• THE DATA:
++++++

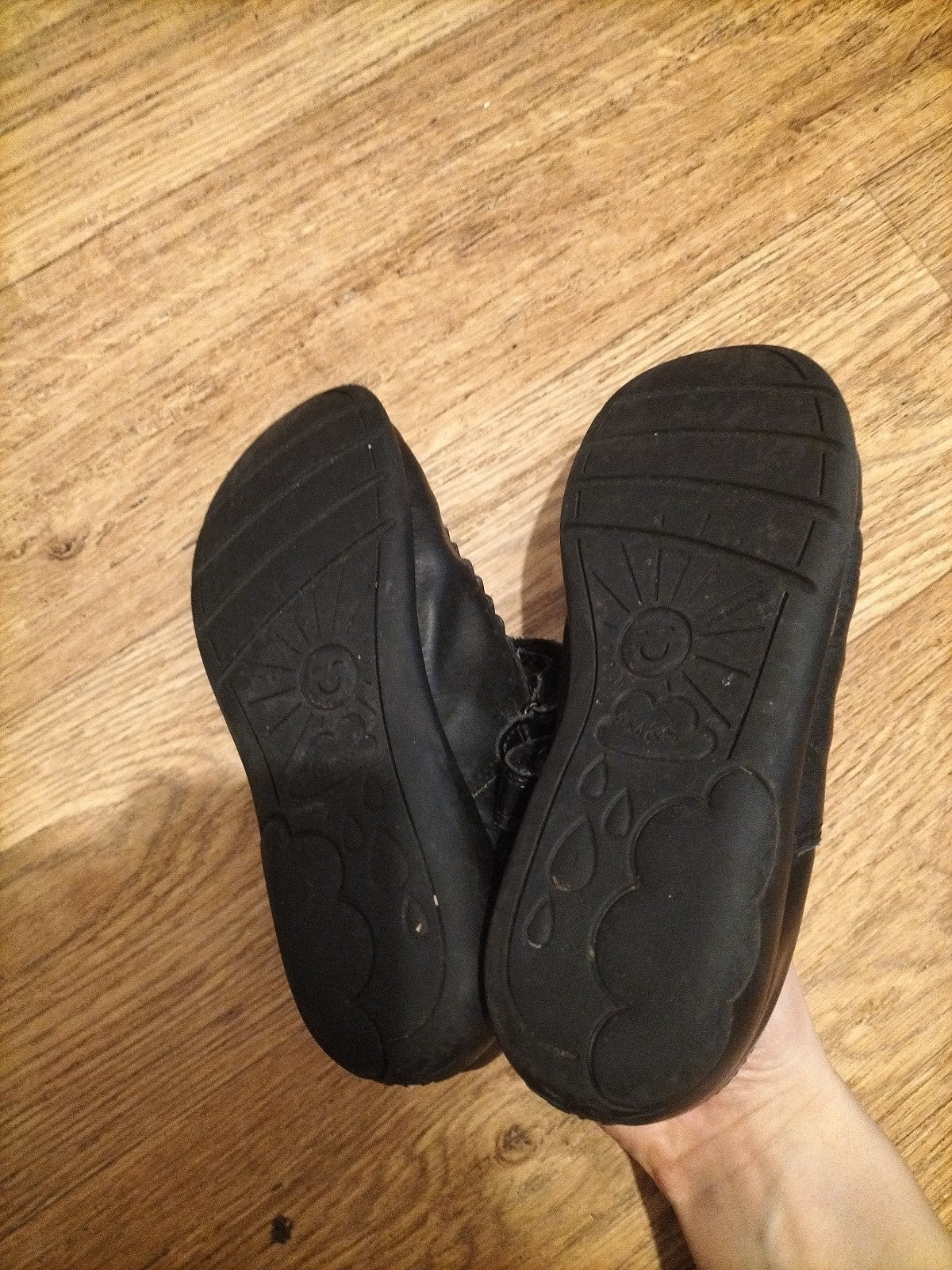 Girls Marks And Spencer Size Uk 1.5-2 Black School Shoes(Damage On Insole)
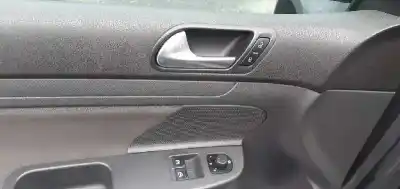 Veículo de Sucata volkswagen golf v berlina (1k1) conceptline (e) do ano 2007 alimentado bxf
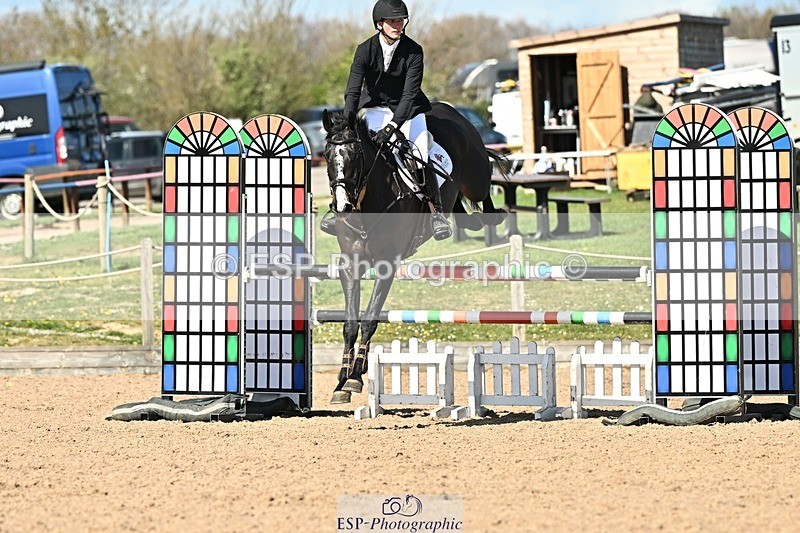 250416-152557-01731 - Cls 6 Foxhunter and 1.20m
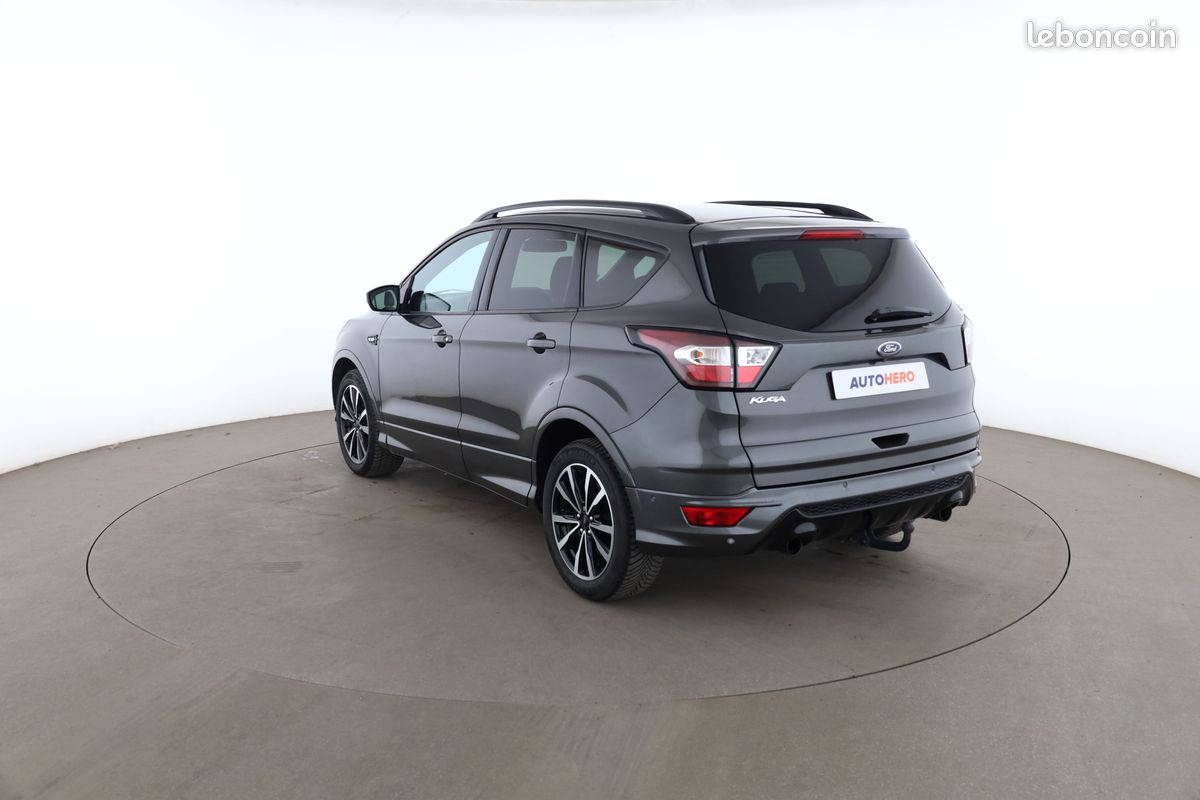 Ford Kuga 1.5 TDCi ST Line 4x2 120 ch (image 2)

++++++

• WHAT YOU HAVE TO DO: Beginning with the line that contains "250416-152557-01731 - Cls" and ending with the final line of the material, reproduce those lines exactly and nothing else. Omit the pictures.

• RESPONSE BOX:
 250416-152557-01731 - Cls 6 Foxhunter and 1.20m
 Ford Kuga 1.5 TDCi ST Line 4x2 120 ch (image 2)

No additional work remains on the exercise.